Posted on 20 June 2023

Bus batteries – next stop sustainability

If you were to open the engine bay of one of Nelson Tasman’s new electric buses next to the engine bay of a Nissan Leaf you’d notice at least one key difference. A different battery.

The Foton 12m Electric City Bus, 17 of which will have arrived in Nelson ahead of the August 1 launch date, uses a lithium iron phosphate (LFP) battery as opposed to the Nickel Magnesium Cobalt (NMC) batteries used in many electric vehicles. 

Nelson City Council Group Manager Infrastructure Alec Louverdis says that LFP batteries are safer and more sustainable than NMC batteries. 

“LFP batteries are more in tune with the needs of our new bus network in almost every way when compared to an NMC. The LFP battery has a longer life cycle, is better value, and as it doesn’t use nickel, magnesium or cobalt is more environmentally sustainable. 

“It’s also less likely to catch fire. LFP batteries are less prone to this issue than NMC batteries due to their more stable chemical structure."

The LFP batteries that will come with our buses are expected to last for more than 10 years, but once they reach that point it won’t be the end of their journey. 

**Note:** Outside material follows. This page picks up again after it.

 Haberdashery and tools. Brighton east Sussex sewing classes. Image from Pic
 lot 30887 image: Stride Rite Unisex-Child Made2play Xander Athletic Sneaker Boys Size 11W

“The buses could be used on a shorter run or alternatively the old batteries can be reused at the Richmond bus depot to store energy from renewable sources to charge buses or supply power to the depot,” says Louverdis.  

“Giving the batteries a second life goes further to reducing the impact our buses have on the environment. We’re really excited to get the new buses on the road, so Nelsonians can see just how good their new service will be.”